Sonny realized it was his own turn to let out a sniffle, attempting to prevent his own crying. He released his grip on Rafael’s hand to wipe his own stray salty tear away. The presence of Barba had been almost too much after a full week away, but the realization that something was wrong – that Rafael had been suffering and going to doctors alone without seeking out the help of those who loved him – was tearing him into a million tiny pieces.
“Why didn’t you let me know? I would have gone with you, been there for you,” Carisi started quietly. He stopped himself, though, shaking his head. He couldn’t change what had already happened, they simply had to look forward. “Just, tell me. Please?”
“ALS,” Barba mumbled, his voice swallowed by fear and deep sorrow. “Lou Gherig’s disease. It will be a slow, painful deterioration of who I am.”

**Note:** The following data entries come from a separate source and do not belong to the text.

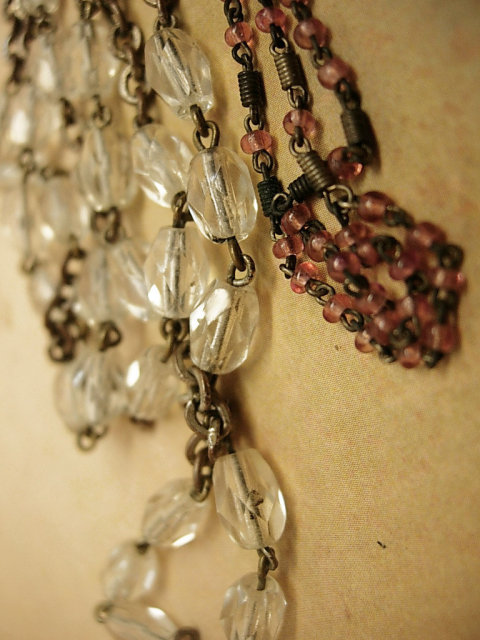 Vintage Rosary and Case locket necklace miniature childs inside Made in czechoslovakia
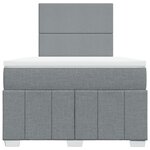vidaXL Sommier à lattes de lit et matelas gris clair 120x190 cm tissu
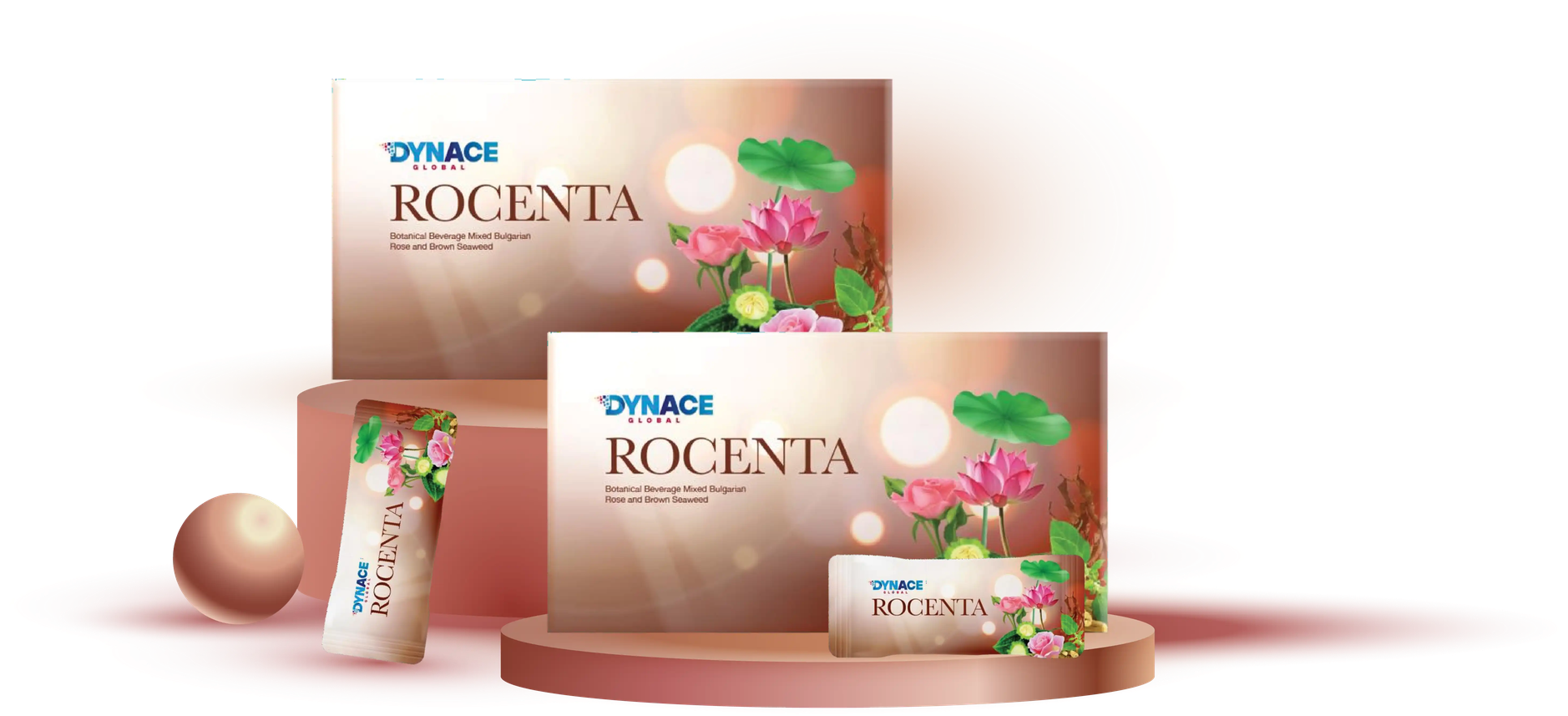 Dynace Rocenta botanical beverage mix — boxes and sticks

“How long?” Sonny asked easily, his tone matter-of-fact and resigned. Though, he looked away from Rafael, composing himself for the rest of the conversation.
“Could only be a few years, could be as many as ten or so. They can’t say for sure.”  
Sonny sighed, running a hand through his perfectly styled hair before turning back to Rafael. “You realize I don’t need wheelchair races or pigeons, right? I need you,” he insisted, taking Rafael’s hand again. “No matter how many days we have together.”
“I can’t give you a real marriage,” Barba insisted, his voice holding a strength neither of them knew he still possessed.
“Yes you can,” Sonny insisted again. “You can give me love, and I’ll give you the same. You give me the most vulnerable part of you. I’m not just here for the sunshine and the butterflies, Raf. I’m here for all of it.”
Rafael shook his head, “You deserve more.”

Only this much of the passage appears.